BULLETIN: Florida — Again: Multiagency Probe Leads To Federal Criminal Charges Against 9 People In Interconnected Ponzi And Fraud Schemes
BULLETIN: An investigation by the U.S. Secret Service, U.S. Immigration and Customs Enforcement (ICE), Homeland Security Investigations (HSI) and the Miami Police Department has led to criminal charges against nine defendants in three Florida fraud schemes that allegedly were interconnected.
Seven of the defendants were indicted. Two others were charged via criminal information, and the investigation is ongoing. The probe demonstrates that, in an era of seemingly ceaseless white-collar crime, investigators are using leads uncovered in one case and following them to discover fraud schemes that perhaps would have gone undetected were it not for the discovery of an initial scheme.
Charged with conspiracy to commit bank fraud connected to a Ponzi scheme were Maria Baksh, 50, of Hollywood; Juan Cardenas, 48, of Miami; Gabriel Cifuentes, 63, of Hialeah; Maureen Cifuentes, 35; of Hialeah, Lucia Garcia, 58, of Pembroke Pines; Roberto Hernandez, 66, of Miami; Maribel Roman, 47, of Hialeah; Reinaldo Roman Jr., 39, of Hialeah; and Roberto Rodriguez, 43, of Miami.

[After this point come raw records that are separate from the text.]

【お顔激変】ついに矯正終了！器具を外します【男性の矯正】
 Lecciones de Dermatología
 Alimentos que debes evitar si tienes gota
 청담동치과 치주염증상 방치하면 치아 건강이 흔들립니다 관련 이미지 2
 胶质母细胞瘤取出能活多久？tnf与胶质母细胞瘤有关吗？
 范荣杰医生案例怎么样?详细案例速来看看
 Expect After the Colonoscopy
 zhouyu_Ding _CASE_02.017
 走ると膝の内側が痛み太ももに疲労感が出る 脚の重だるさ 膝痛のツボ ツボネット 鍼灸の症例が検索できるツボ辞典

The case is tied to the purported “jewelry” Ponzi scheme of Luis Felipe Perez, 38, of Fort Lauderdale. Lopez was charged both civilly (SEC) and criminally last year (Secret Service/ICE). He was sentenced to 10 years in federal prison after pleading guilty to securities fraud.
Investigators said he pocketed $6 million from his Ponzi scheme, which gathered $40 million. Investors were told they were financing his purported jewelry business and pawn shops in New York, authorities said.
Perez, investigators now say, recruited “many” of the new defendants and referred them to Berta Sanders, 61, of Miami Lakes. Sanders, a CPA, helped them secure $12 million in commercial lines of credit by preparing false tax returns and false income statements submitted to Wachovia Bank. Proceeds from the loans were diverted to the Perez Ponzi scheme.
“When Perez’s Ponzi scheme ultimately collapsed in May 2009, most of the fraudulent loans obtained from Wachovia defaulted,” prosecutors said, noting that the scheme cost Wachovia $10 million.
Sanders, who has pleaded guilty to conspiracy to commit bank fraud, is scheduled to be sentenced Feb. 22 by U.S. District Judge Paul C. Huck.
Viewed as a whole, the case featured the Perez Ponzi scheme and a related bank-fraud scheme over which Sanders allegedly presided for a 10 percent cut of the bogus loans she engineered, prosecutors said.
It also featured a conspiracy by which other defendants fleeced the bank by allowing Sanders to prepare fraudulent documents so they could get the money to plow into the Ponzi scheme, prosecutors said.
The investigation was undertaken by elements of the Financial Fraud Enforcement Task Force.
While investors were imagining “guaranteed annual returns of 18 percent to 120 percent through monthly interest payments,” the SEC said last year, Perez spent $3.2 million of their money on a home, $1 million on jewelry for himself and his wife, $400,000 to lease luxury cars, $300,000 on clothing for his wife, $300,000 for travel by private jet and $100,000 on artwork.